W 7. kolejce EuroCup koszykarze Trefla Sopot przegrali z Besiktasem Fibabanka Stambuł 79:100 (25:32, 26:25, 23:24, 5:19).
Sopocianie dobrze rozpoczęli wtorkową rywalizację. Szybko swoje konta otworzyli Mikołaj, Aaron oraz Jarek. Przeciwnicy mieli jednak w składzie Mathewsa. Były zawodnik zapisał pięć punktów i nasza przewaga wynosiła tylko oczko. W kolejnych minutach oglądaliśmy wyrównane zmagania. Po naszej stronie dobrze prezentował się Willy, któremu wystarczyło 240 sekund, aby zanotować trzy trafienia. Zacięte zmagania oglądaliśmy aż do wyniku 21:23. Niestety, od tego momentu goście zapisali dziewięć punktów z rzędu. Po przerwie dla trenera Tabaka cztery oczka odrobił Kuba, ale to Besiktas był w lepszej sytuacji po Q1.
Od początku drugiej części sopocianie próbowali odrabiać straty. Za trzy celnie przymierzyli Aaron i Andy, lecz Besiktas także miał swoje odpowiedzi i utrzymywał przewagę. Po efektownym alley oopie gości było 33:43 i na jeszcze jeden czas zdecydował się Żan Tabak.

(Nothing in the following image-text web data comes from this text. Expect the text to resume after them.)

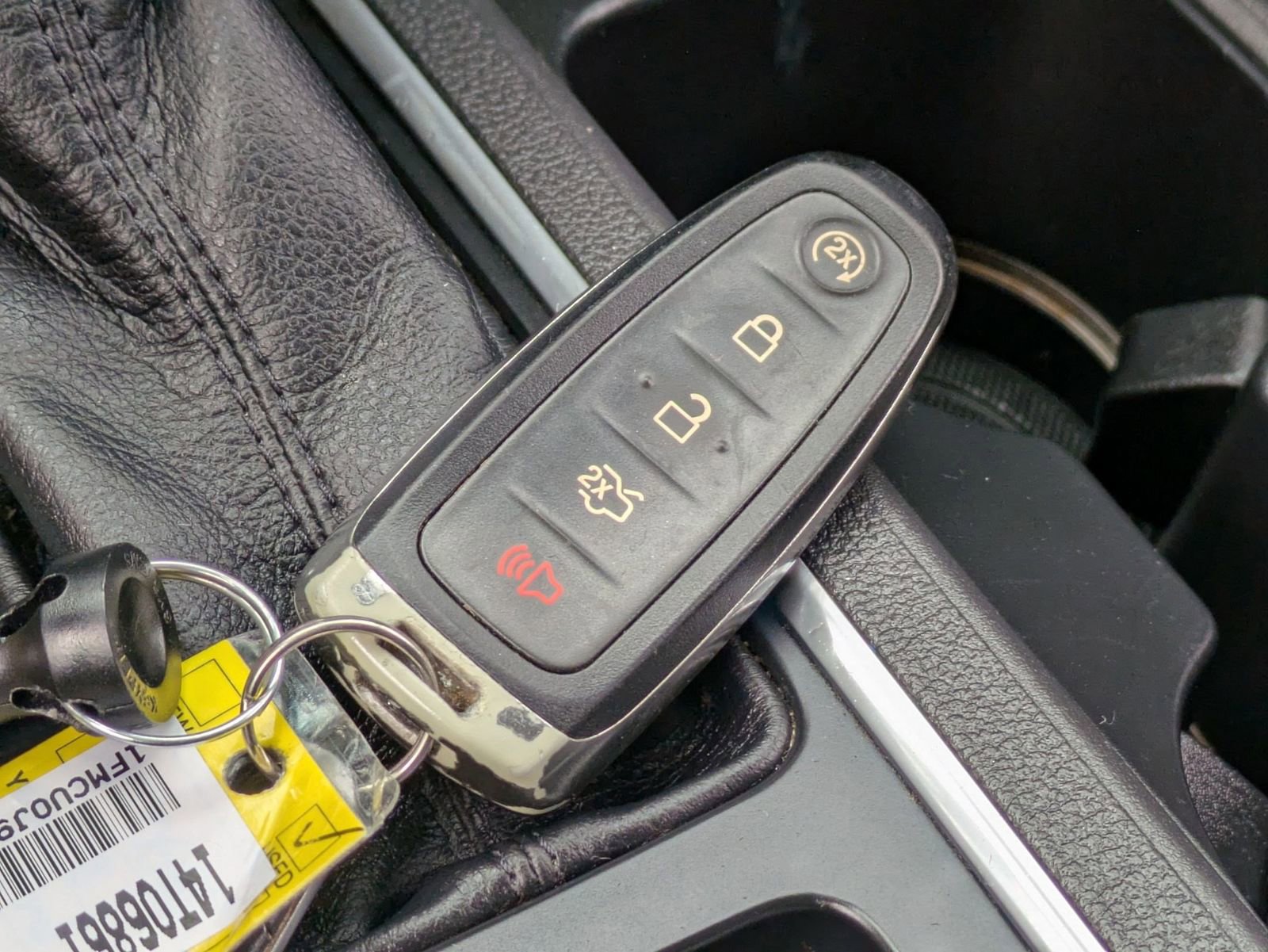 Used 2018 Ford Escape Titanium w/ Ford Safe & Smart Package image 32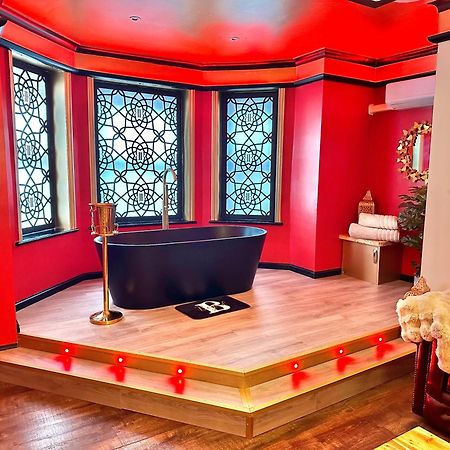 Beyond - Romantic Basement Apartment - Close To Beach - With Parking 伯恩茅斯 外观 照片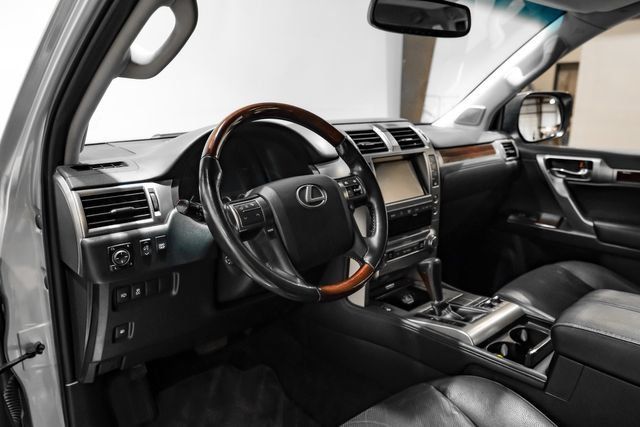 Used 2017 Lexus GX 460 Premium w/ Premium Package AWD/4WD image 3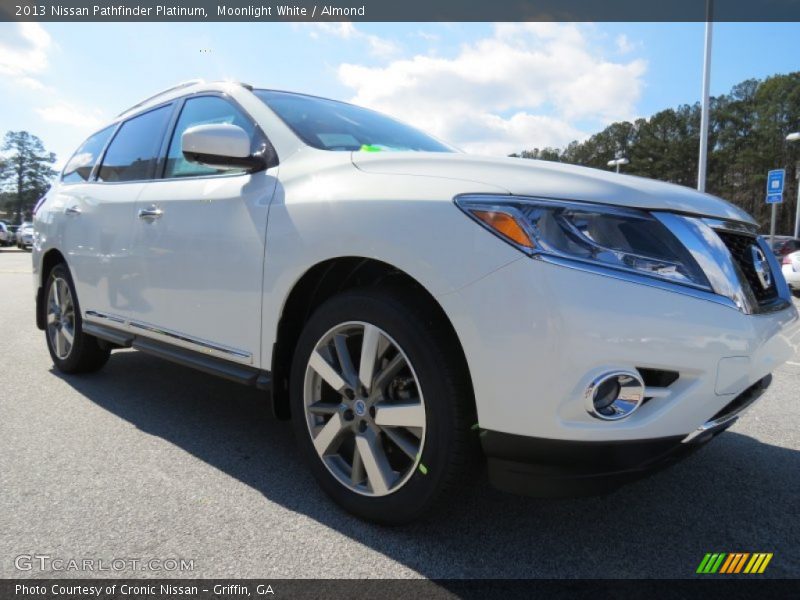 Front 3/4 View of 2013 Pathfinder Platinum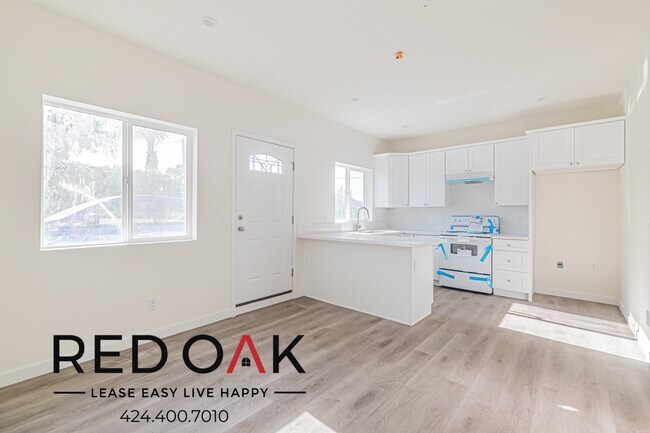Photo - 1028 W 110th St Condo Unit 7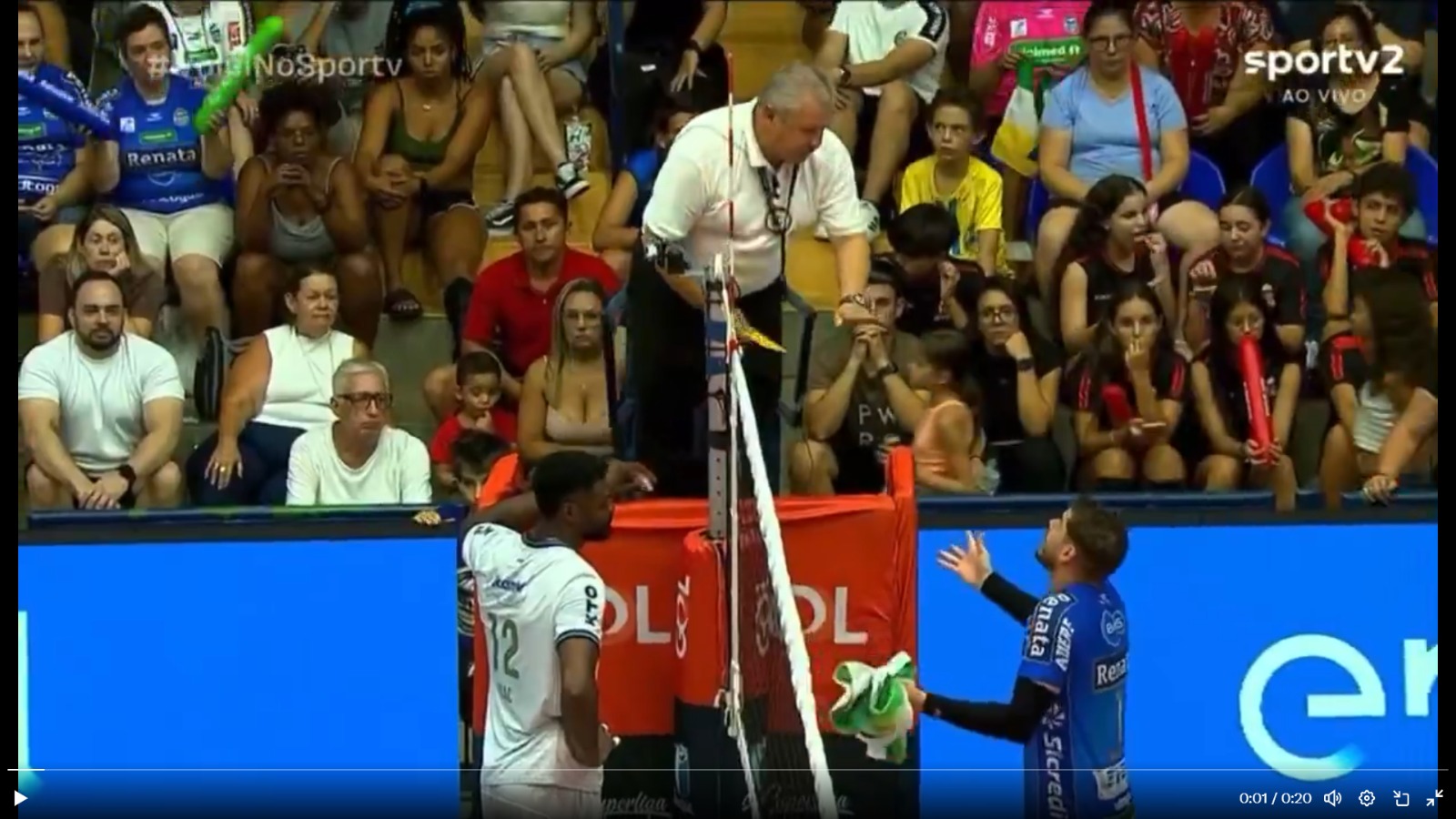 Bruninho em lance inusitado no jogo do Vôlei Renata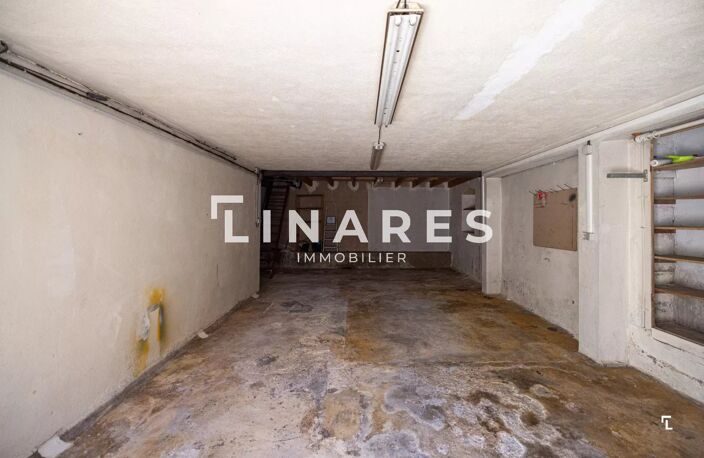 ACHARD - Garage de 55m² avec mezzanine - 13004 Les Chartreux — photo 2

Wskazówki chorwackiego trenera uruchomiły naszą grę w ataku, ale jednocześnie wciąż nie potrafiliśmy zatrzymać zawodników Besiktasu. Drugą kwartę wygraliśmy jednym punktem, lecz do szatni schodziliśmy przy wyniku 51:57 dla rywali.
Po zmianie stron sopocianie wciąż próbowali gonić. Dobrze dysponowanego Mikołaja wspierali Trey oraz Andy, jednak nadal nie potrafiliśmy znaleźć sposobu na szczelną defensywę. Mistrzowie Polski nie poddawali się w swoich staraniach. 60 sekund przed zakończeniem trzeciej kwarty zespoły dzieliło już tylko jedno posiadanie, ale ostatnia minuta należała do gości. Gracze Besiktasu dopisali kolejne dwie trójki i wyszli na +7.
Identycznie, czyli od celnego rzutu zza łuku, turecki zespół rozpoczął czwartą kwartę. Goście napędzili się i powiększali przewagę. Sopocianie mieli ogromne problemy w ataku. Pomiędzy naszym pierwszym a drugim trafieniem w czwartej kwarcie minęło aż 5 minut. Besiktas bezbłędnie wykorzystał ten czas i zapewnił sobie komfortowy wynik. Rozluźnieni gracze ze Stambułu zaprezentowali pod koniec kilka efektownych akcji, a po ostatniej syrenie mogli cieszyć się ze zwycięstwa razem z liczną grupą tureckich kibiców.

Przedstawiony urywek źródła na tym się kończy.